Selain menguras tenaga dan biaya, menjadi petani juga berisiko gagal panen. Namun, risiko itu bisa diminimalisir setelah ia mengikuti program kemitraan dari salah satu perusahaan tembakau.
"Alhamdulillah, ikut program kemitraan itu memudahkan petani. Sebelum mulai tanam kami sudah dikumpulkan, diinformasikan dan sosialisasi terkait apa-apa yang dibutuhkan," ungkap dia.
Biasanya sosialisasi dilakukan oleh Penyuluh Pertanian Lapangan (PPL) yang berasal dari perusahaan mitra. Para petani dikumpulkan di Balai Desa untuk diberikan arahan lebih lanjut.
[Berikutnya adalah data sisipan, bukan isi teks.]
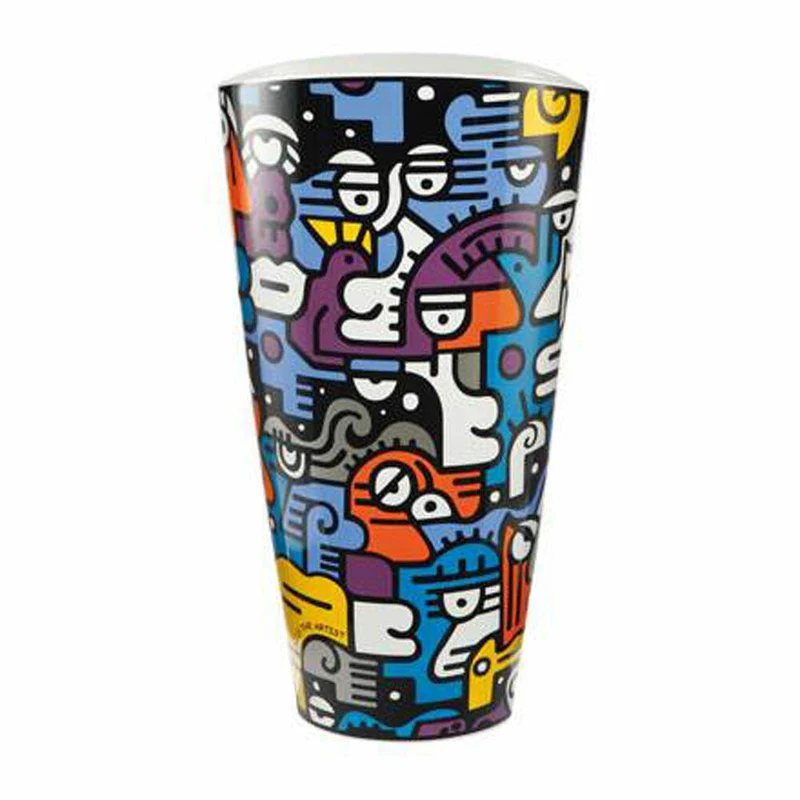 Goebel Casual Conversation - Vase Pop Art Billy the Artist Bunt Porzellan 67080361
Setelah hampir sembilan tahun bermitra, lahan pertanian tembakau milikinya terus berkembang.
Awalnya hanya setengah hektare, kini berkembang menjadi tiga hektare. Saat paling menggembirakan menjadi petani adalah saat panen. Dalam satu hektare Iris bisa mengantongi pendapatan kotor Rp 80 juta hingga Rp 90 juta.
"Kebetulan kalau saya itu habis setor pabrik, notanya itu saya kumpulkan, jadi setiap tahun saya kalkulasi, saya tulis pendapatan sama pengeluaran ," jelas dia. Yang jelas, dari bertani tembakau ia kini bisa mencukupi kebutuhan rumah tangganya, seperti menyekolahkan anak hingga membangun rumah.